CASE STUDY – Qaa Heritage Revival Project
The case study on the other hand showcased the Qaa Heritage Revival Project – QHRP, which targets the vulnerable and neglected tangible and intangible cultural heritage of el-Qaa, a village located in northern Beqaa, in Lebanon, bordering Syria to the North and the East. Its traditional urban fabric made of well-preserved mudbrick dwellings makes it one of the most authentic villages in the region, with numerous unveiled archaeological sites dominating its historic agricultural landscape. Yet, decades of governmental neglect, water resources depletion, climate fluctuations, civil unrest, massacres, Syrian refugee crisis and heavy depopulating migration have all left their unrelenting traces on el-Qaa. Therefore, the Qaa Heritage Revival Project was conceived with a comprehensive cultural heritage approach, incorporating diverse partners, including Lebanese Directorate General of Antiquities (DGA), specialised architect restorers, archaeologists, tourism expert consultants, HIMAM, a local NGO, and the municipality.

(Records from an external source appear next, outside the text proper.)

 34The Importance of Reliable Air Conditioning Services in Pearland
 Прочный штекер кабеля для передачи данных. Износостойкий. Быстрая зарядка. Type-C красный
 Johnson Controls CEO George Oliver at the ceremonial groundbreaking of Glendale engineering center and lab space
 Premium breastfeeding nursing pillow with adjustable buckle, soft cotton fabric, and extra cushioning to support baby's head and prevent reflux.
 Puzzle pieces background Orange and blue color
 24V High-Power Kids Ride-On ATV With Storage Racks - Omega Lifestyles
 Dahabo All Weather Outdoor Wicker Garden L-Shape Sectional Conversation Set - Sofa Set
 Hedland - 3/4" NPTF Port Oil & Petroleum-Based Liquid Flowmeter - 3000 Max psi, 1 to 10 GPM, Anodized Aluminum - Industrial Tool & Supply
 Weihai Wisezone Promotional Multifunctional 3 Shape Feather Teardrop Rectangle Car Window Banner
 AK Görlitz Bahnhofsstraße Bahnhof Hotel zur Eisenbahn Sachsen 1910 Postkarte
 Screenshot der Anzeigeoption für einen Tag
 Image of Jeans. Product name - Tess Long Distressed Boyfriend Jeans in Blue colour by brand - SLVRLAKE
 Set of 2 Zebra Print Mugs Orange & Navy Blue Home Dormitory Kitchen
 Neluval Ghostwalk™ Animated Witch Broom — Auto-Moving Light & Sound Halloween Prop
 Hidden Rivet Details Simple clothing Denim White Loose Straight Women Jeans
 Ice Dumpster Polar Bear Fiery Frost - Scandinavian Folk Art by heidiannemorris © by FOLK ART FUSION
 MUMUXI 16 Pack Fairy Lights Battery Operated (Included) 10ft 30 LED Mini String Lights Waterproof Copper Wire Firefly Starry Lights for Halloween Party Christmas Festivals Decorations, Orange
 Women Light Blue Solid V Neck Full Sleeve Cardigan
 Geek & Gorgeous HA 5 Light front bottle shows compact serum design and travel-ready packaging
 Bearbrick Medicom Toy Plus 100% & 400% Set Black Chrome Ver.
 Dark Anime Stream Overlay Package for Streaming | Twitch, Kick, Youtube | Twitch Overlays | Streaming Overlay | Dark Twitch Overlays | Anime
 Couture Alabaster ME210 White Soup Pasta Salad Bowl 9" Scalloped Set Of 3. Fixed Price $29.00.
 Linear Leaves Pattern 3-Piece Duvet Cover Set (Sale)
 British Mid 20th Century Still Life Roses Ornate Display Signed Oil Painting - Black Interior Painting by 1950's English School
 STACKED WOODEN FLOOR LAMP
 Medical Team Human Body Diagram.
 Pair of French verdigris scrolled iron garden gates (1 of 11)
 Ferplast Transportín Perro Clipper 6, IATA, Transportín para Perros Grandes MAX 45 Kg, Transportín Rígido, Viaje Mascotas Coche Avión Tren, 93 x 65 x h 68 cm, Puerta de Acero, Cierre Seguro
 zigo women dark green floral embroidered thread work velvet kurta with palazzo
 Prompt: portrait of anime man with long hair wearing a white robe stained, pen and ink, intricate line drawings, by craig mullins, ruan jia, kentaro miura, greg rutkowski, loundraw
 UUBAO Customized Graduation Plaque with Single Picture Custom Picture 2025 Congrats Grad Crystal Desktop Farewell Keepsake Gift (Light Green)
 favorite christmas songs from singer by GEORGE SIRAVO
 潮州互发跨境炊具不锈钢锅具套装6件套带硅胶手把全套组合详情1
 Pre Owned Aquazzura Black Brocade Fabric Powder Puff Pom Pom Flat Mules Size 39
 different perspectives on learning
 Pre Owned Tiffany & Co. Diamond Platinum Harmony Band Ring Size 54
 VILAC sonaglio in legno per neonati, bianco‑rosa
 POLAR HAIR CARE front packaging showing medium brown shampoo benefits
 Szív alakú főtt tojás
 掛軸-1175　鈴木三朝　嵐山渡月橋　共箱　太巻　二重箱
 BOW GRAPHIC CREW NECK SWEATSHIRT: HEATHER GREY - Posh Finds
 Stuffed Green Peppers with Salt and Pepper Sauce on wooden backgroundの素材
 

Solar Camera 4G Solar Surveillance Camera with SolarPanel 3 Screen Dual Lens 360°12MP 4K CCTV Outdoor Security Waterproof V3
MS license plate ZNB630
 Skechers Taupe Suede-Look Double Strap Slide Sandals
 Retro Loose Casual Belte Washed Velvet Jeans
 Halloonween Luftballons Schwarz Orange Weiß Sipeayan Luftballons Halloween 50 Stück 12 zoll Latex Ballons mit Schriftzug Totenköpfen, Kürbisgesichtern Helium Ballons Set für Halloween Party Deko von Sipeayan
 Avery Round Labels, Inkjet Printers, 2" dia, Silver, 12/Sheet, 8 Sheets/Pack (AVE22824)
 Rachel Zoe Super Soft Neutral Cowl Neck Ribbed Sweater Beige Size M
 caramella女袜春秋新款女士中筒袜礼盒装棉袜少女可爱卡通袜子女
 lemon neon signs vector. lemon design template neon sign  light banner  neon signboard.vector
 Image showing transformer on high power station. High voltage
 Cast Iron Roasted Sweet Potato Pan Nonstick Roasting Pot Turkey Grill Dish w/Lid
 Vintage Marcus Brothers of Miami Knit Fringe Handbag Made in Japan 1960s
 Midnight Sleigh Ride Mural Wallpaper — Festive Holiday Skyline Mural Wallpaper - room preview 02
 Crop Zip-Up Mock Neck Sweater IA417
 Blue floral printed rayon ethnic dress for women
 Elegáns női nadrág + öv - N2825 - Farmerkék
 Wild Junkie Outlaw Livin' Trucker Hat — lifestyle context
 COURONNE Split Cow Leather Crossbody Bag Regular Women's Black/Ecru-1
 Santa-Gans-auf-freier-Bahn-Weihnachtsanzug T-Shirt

The long-term aim is to identify, assess, and study its tangible and intangible heritage, to integrate it into the overall sustainable ecotourism value chain, involving local communities as partners in the valorisation process, creating sustainable and long-term economic growth by reviving the villages authentic. The project also aims to reverse the depopulation process by restoring the dwellings and turning the region into a tourism destination, developing eco- and agrotourism opportunities around the mudbrick dwellings, training locals in rebuilding using traditional construction techniques. Peace building targets by collaborating with refugees is crucial here, who often come from traditional mudbrick architecture regions and can contribute to the restoration process. And finally, the project addresses the effects of climate change through proper management of natural resource by encouraging inhabitants to invest once again in local agricultural production.
The mudbrick dwellings were presented as a Case Study Qaa Heritage Revival Project (QHRP) on the CCP platform, co-authored by Alia Fares, Salam Kallas and Houda Kassatly and edited by Dr. Kenneth Aitchison.